Your answer must be an exact copy of the data, without any pictures.

• _Recorded information_:
[Start of Attachment]

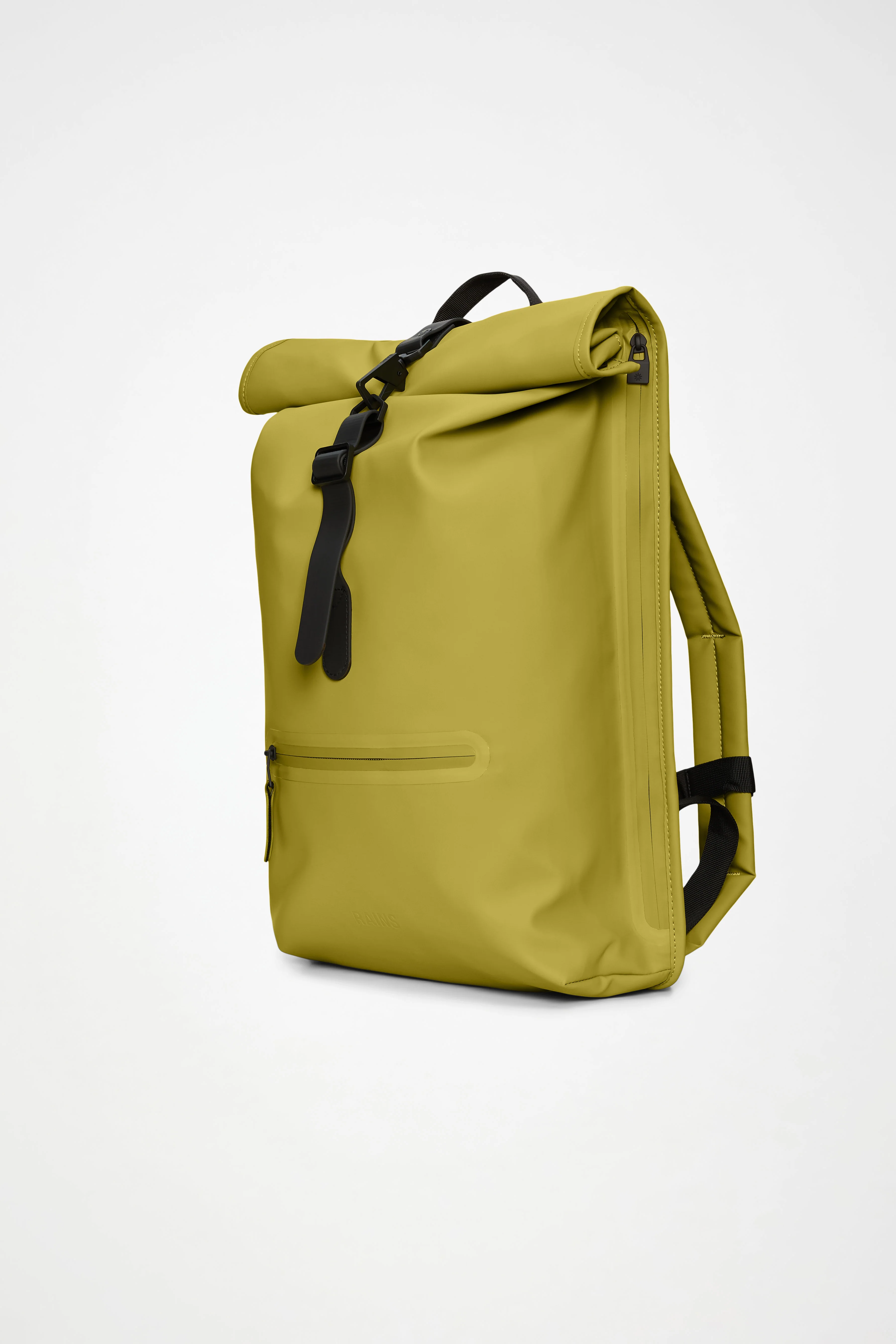 Rolltop Rucksack - Image 48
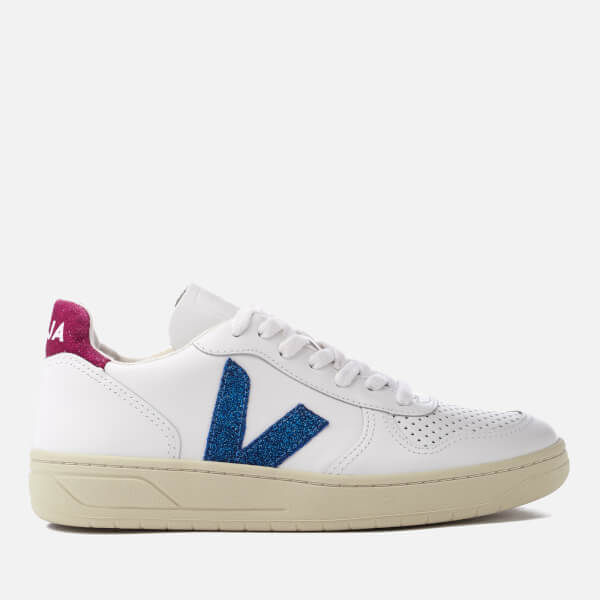 veja tan trainers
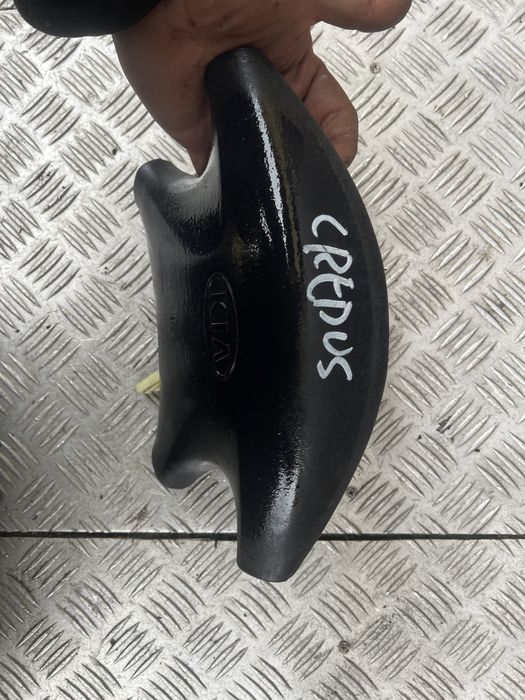 Подушка в руль киа кредос kia credos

[End of Attachment]

• _Written reply_:
 Rolltop Rucksack - Image 48
 veja tan trainers
 Подушка в руль киа кредос kia credos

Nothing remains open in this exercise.